4
votes

I wish to read only latest msg in spark streaming using kafka, but it also fetches past data

How to set auto.offset.reset in KafkaUtil for spark

JavaPairReceiverInputDStream<String, String> messages =
            KafkaUtils.createStream(jssc, args[0], args[1], topicMap);

how to set the conf to fetching only current message . Please give some example.

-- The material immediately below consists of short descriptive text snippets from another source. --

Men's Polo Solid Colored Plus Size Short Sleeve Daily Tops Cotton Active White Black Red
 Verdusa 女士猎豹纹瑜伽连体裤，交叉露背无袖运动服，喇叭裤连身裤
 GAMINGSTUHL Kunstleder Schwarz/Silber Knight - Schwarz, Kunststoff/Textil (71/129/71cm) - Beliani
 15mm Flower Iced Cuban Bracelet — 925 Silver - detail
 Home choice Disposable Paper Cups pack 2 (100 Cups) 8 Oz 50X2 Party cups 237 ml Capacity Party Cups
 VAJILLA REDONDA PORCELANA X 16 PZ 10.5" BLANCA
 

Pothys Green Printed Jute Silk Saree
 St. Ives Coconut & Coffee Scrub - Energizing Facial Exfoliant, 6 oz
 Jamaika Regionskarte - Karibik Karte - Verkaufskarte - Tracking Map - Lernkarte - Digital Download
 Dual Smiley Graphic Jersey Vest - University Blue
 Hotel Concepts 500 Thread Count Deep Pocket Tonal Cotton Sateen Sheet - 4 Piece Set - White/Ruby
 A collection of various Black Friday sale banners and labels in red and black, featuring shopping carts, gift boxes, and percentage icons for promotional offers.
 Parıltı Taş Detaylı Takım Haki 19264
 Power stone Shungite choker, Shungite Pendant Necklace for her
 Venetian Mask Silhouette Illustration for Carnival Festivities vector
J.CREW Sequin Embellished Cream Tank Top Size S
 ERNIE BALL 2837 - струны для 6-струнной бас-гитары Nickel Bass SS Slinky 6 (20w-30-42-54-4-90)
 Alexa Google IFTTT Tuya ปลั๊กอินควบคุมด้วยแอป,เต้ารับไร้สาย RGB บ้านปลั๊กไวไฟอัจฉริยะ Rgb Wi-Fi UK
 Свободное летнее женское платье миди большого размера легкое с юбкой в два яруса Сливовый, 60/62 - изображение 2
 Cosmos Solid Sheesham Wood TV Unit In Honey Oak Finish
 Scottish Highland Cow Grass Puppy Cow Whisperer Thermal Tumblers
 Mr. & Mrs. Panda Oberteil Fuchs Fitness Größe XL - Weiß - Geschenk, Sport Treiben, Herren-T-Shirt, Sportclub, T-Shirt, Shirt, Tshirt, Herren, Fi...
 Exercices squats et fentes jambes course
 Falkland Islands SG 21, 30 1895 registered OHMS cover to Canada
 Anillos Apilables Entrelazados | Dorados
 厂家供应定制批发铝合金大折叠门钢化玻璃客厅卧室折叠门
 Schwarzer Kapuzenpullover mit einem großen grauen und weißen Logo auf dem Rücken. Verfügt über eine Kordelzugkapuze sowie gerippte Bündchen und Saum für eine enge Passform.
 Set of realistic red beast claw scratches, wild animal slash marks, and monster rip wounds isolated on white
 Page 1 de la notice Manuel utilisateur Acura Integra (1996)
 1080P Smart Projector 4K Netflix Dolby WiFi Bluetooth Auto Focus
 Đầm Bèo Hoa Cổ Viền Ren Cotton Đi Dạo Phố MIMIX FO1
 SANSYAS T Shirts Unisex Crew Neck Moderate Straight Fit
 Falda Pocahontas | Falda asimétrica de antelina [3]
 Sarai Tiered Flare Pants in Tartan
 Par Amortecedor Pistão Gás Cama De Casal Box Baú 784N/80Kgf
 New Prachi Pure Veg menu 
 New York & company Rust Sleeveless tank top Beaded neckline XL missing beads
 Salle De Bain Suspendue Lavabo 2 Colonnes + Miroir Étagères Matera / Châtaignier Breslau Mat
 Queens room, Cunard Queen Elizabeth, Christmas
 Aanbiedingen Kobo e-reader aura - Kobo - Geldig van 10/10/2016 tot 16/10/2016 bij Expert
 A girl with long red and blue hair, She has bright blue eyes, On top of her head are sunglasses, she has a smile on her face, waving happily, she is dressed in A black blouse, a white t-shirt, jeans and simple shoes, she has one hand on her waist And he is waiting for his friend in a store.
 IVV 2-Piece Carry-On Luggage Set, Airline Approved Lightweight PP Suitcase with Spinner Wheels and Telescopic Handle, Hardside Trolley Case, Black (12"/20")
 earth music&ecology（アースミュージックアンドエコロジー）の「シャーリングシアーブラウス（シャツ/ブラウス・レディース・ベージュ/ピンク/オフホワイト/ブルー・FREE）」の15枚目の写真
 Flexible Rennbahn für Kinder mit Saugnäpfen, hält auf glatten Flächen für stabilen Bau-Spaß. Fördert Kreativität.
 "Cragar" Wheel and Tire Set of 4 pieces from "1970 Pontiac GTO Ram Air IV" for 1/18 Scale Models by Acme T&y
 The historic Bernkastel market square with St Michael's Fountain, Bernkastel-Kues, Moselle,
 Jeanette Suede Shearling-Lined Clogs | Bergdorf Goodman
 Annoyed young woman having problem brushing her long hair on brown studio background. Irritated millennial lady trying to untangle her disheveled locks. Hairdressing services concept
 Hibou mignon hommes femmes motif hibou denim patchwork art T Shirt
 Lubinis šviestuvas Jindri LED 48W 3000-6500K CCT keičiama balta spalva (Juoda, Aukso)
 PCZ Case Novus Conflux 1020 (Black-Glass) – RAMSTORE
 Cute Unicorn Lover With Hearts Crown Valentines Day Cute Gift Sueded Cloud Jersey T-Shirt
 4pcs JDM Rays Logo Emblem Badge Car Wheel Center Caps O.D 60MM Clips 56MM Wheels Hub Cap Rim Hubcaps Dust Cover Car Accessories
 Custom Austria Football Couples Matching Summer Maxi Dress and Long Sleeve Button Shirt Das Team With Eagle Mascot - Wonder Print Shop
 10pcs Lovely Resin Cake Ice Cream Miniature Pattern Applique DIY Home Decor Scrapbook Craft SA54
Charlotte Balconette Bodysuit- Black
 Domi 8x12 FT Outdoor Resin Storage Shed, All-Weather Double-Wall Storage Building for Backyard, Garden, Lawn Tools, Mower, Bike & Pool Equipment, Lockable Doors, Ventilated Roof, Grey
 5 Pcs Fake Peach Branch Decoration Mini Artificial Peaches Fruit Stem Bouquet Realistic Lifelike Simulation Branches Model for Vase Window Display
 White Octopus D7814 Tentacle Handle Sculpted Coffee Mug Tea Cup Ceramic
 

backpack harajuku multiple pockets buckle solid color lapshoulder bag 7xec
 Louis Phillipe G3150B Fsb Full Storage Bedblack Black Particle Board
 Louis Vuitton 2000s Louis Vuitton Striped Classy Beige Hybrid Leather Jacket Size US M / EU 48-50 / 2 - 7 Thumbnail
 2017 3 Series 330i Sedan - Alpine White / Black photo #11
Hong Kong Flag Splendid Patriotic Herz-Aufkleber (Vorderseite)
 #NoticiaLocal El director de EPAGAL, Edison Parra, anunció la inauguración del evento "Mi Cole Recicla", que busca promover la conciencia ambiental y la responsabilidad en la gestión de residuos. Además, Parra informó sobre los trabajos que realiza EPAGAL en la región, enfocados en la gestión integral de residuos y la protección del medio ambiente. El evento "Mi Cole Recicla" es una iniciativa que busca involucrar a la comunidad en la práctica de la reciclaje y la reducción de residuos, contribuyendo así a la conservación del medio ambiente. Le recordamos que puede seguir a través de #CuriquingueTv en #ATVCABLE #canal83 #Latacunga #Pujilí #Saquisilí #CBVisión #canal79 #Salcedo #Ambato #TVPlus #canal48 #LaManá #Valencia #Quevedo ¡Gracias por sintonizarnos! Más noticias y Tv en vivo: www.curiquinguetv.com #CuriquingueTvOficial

Thanks in advance, there is also another thread

But not sufficient, pls help me out. Thanks in advance.

1

1 Answers

7
votes

You need to use this method from KafkaUtils object:

 def createStream[K, V, U <: Decoder[_], T <: Decoder[_]](
      jssc: JavaStreamingContext,
      keyTypeClass: Class[K],
      valueTypeClass: Class[V],
      keyDecoderClass: Class[U],
      valueDecoderClass: Class[T],
      kafkaParams: JMap[String, String],
      topics: JMap[String, JInt],
      storageLevel: StorageLevel
    )

Depending on the Spark version, you cannot use java. There is a bug.

If you are using Spark 1.1.0, you need to add into kafkaParams parameter this property:

"auto.offset.reset", "largest"

Another workaround is generate a groupId prefix randomly, but this is crappy.